Tue May 28, 2013 9:40am EDT
* Firmer equities weigh on yen and Swiss franc
* ECB, BOJ policymakers reaffirm supportive stance
* Euro pares losses after Italian debt auction
By Wanfeng Zhou
NEW YORK, May 28 (Reuters) - The yen tumbled broadly on Tuesday as global equity markets rallied on supportive comments from central bankers, encouraging investment in riskier, higher-yielding trades funded by cheap borrowing in the Japanese currency.
Japan's Nikkei stock average ended 1.2 percent higher, while European and U.S. shares also advanced, reversing sharp losses seen last week after Federal Reserve Chairman Ben Bernanke stoked fears the U.S. central bank may scale back its stimulus.
Strategists said markets were positioned for yen weakness on expectations of aggressive monetary easing by the Bank of Japan. They said the yen's reluctance to gain further in the face of equity selloffs suggests its weakening trend is intact.
"Perhaps the most interesting aspect of the price action is the degree to which dollar/yen is holding up, despite significant position reduction into the long weekend," said Jens Nordvig, global head of FX strategy at Nomura Securities in New York.
"We are just 1.5 percent away from the highs in dollar/yen, even if the Nikkei is more than 10 percent off the highs. We are sticking with our long dollar/yen position with a stop at 100.50."
The dollar rose 1.2 percent to 102.14 yen, up more than a full yen from a two-week low of 100.68 set on Friday, according to Reuters data. The dollar rose to a 4-1/2-year high of 103.73 yen last Wednesday.
Support is seen around 100.80 yen, while option expiries are cited at 102.00 yen, which could keep the currency pinned to these levels.
Bank of Japan board member Ryuzo Miyao said on Tuesday it was vital to keep long- and short-term interest rates stable.
Also on Tuesday, European Central Bank Executive Board member Peter Praet said the bank could still cut interest rates further if needed, a day after ECB Executive Board member Joerg Asmussen said the loose policy would stay as long as necessary.
Lee Hardman, currency economist at Bank of Tokyo Mitsubishi, expects the dollar to touch 105 yen in 6 months and 109 yen in 12 months and sees any dips in the dollar towards the 100 yen level as an opportunity to buy the pair.
"The recent strengthening of the yen has been fairly modest and we think this is more corrective in nature than a major change in trend... the underlying trend is further yen weakness," he said.
The euro rose 1.1 percent to 131.83 yen, pulling away from Thursday's trough of 129.94 yen, according to Reuters data.
Against the dollar, the euro dipped 0.1 percent to $1.2912, paring losses after an Italian bond auction saw its debt costs slip to their lowest level since the euro came into existence in 1999.

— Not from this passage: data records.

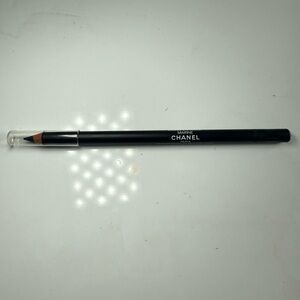 CHANEL Le Crayon Kohl Intense Eye Pencil in Marine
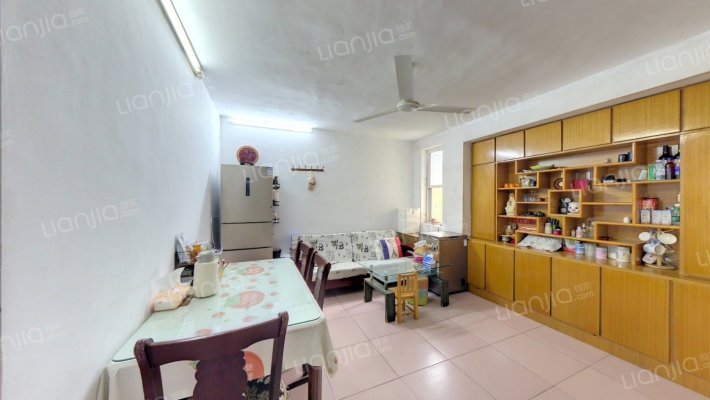 乐山新村二手房实景图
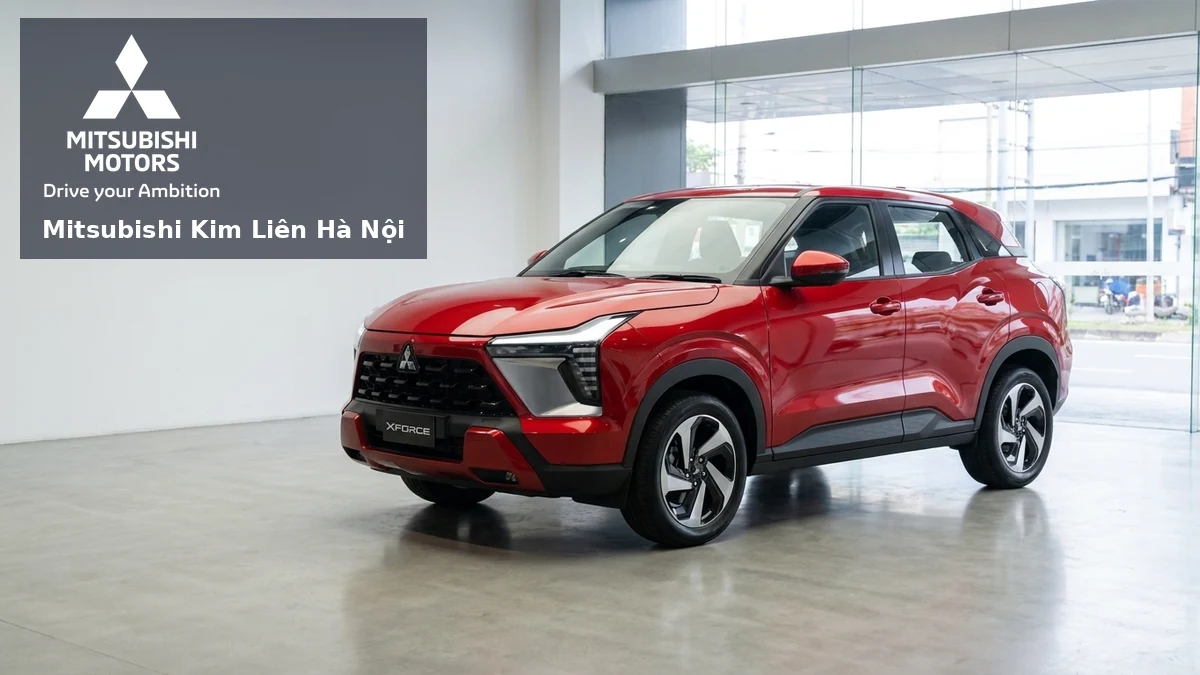 Mitsubishi Xforce có mấy phiên bản — bản Luxury màu đỏ trong showroom, góc 3/4 trước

The euro has been trading in the $1.28-$1.32 range over the last few months, but analysts expect it to slip lower on contrasting expectations for monetary policy between the ECB and the Fed.
"The Fed is moving closer to tapering quantitative easing while the ECB is likely to ease monetary policy further in the coming months, that should weigh modestly on euro/dollar," Hardman said.
The safe-haven Swiss franc fell, with the dollar up 0.6 percent at 0.9691 franc and the euro up 0.5 percent at 1.2516 francs.
Currencies such as the yen and the Swiss franc, which rose sharply last week after a recent sell-off in stock markets, typically gain in times of financial uncertainty.